Val Giddings, a senior fellow who studies science and agriculture, called the almanac a “quaint relic,” saying its forecasting value has long been debated and he did not treat its long-range predictions as scientific evidence.

Val Giddings, Information Technology and Innovation Foundation (senior fellow)

Unconfirmed

  • Specific financial figures for the Farmers’ Almanac’s losses or operating shortfall have not been publicly released.
  • Whether any institutional archive or library has secured a complete digital copy of the almanac’s back catalog is not yet reported.
  • The extent to which individual long-range predictions performed better than models in particular years has not been comprehensively verified in a single, peer-reviewed study.

Bottom Line

The Farmers’ Almanac’s planned closure after its 2026 edition marks the end of a 208-year publishing run that combined calendar-making, cultural commentary and a distinct forecasting tradition.
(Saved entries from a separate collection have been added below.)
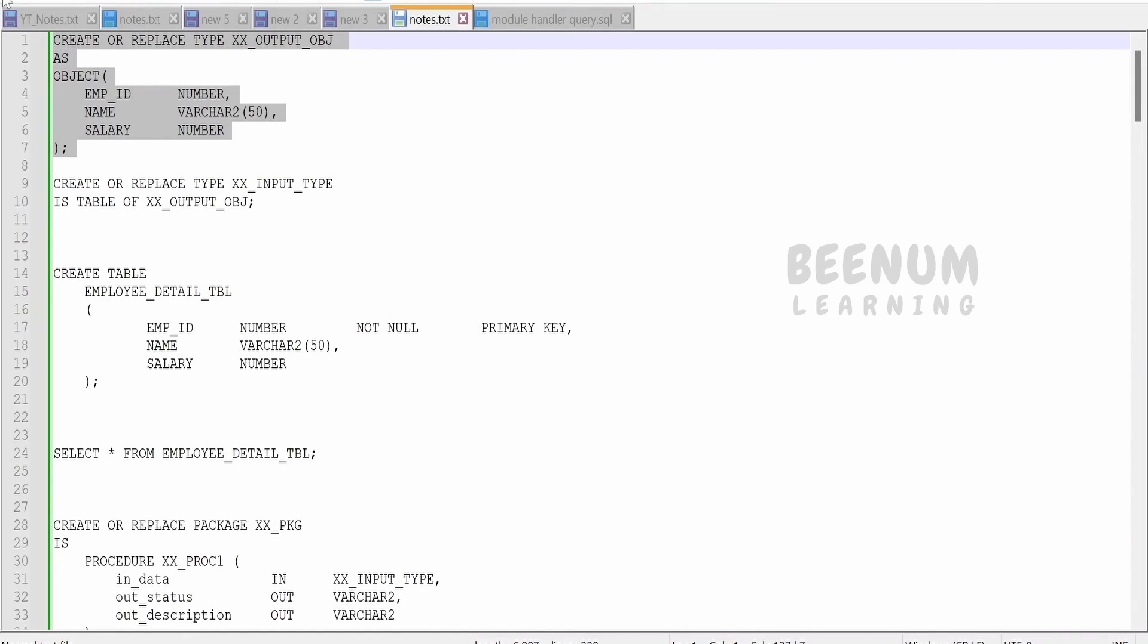This is the object which I have created, and it is storing employee ID, name, and salary. I have an employee table in which I am trying to store the details available in this type.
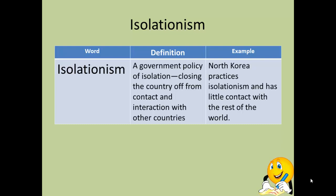Your last vocabulary word today is isolationism — a government policy of isolation, or closing the country off from contact and interaction with other countries. North Korea is an excellent contemporary example. North Korea practices a policy of staying to themselves, largely self-imposed because they don't want their people influenced by others. Other countries have also imposed this because unless North Korea meets certain demands, no one's really going to have any formal government relationship with them.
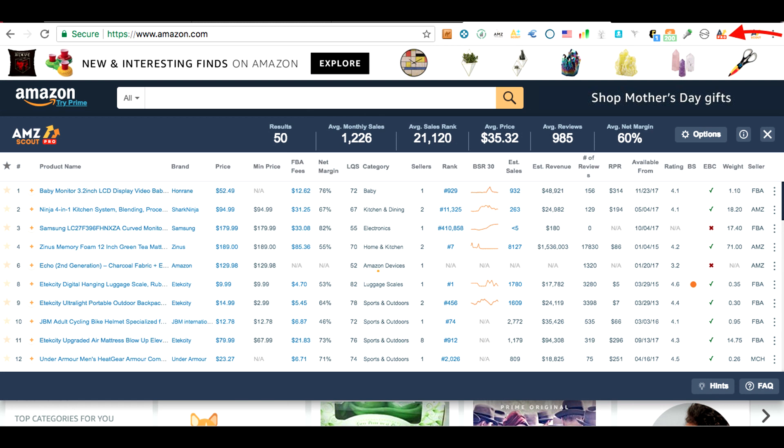Any good Amazon seller knows how important it is to have quality data when making decisions. Having a feature like our sales history and new algorithm makes this easy — all you have to do is pull up the extension and check out the sales history. Everything you need is right there in front of you, whether you are planning your inventory, checking out a new product, exploring a new niche, or checking out your competition.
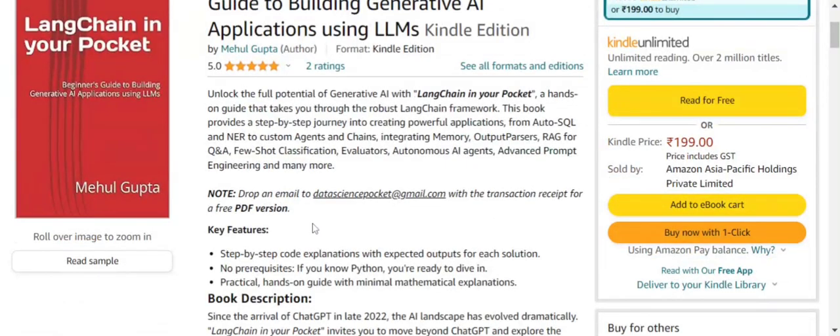Talking about the key features of this book: it is full of code explained at a step-by-step level, and the expected outputs are provided for each solution. No major prerequisites are required — if you know Python, you're good to go. It can be taken as a practical hands-on guide where I've tried to keep the mathematics to a minimum.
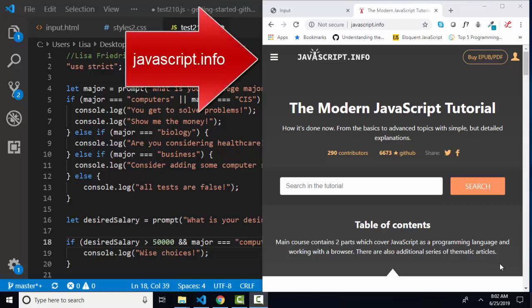Hello world, Lisa Fredrickson, your friend and computer science professor with another short screencast from JavaScript.info, the modern JavaScript tutorial.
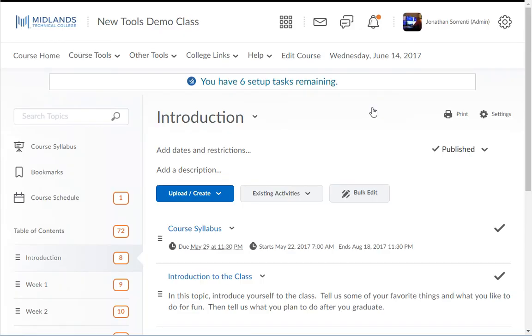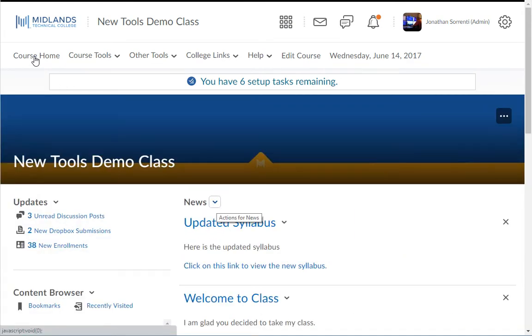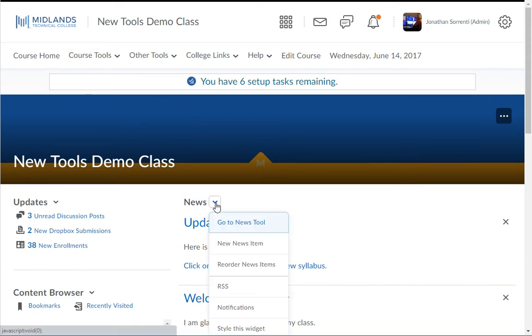To add a Virtual Classroom link to a news item, you will want to start by going to the course homepage. Then click the drop down next to the word News and click the New Item button.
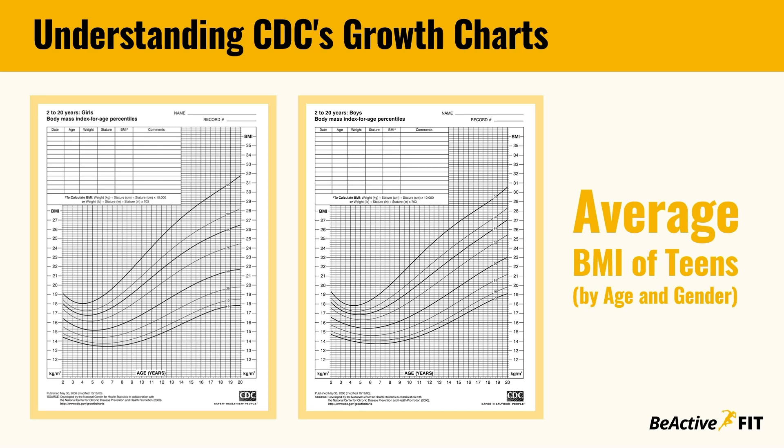In this video, we will guide you through CDC's average BMI growth charts. These charts help us understand whether the BMI of a teen falls within a healthy range for their age and gender.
Economic realities—rising production and distribution costs plus a complex media landscape—drove the decision, even as the title retained a sizable, multigenerational readership. For readers who used the almanac as a ritualized guide to planting and seasonal planning, the loss will be felt as both a practical gap and a cultural one.

Looking ahead, the episode underscores broader trends in which specialized print media must either adapt to sustainable digital models or be preserved through archives and institutional collections. The distinction between historical value and scientific reliability will shape how historians, librarians and the public preserve and interpret the almanac’s two centuries of material.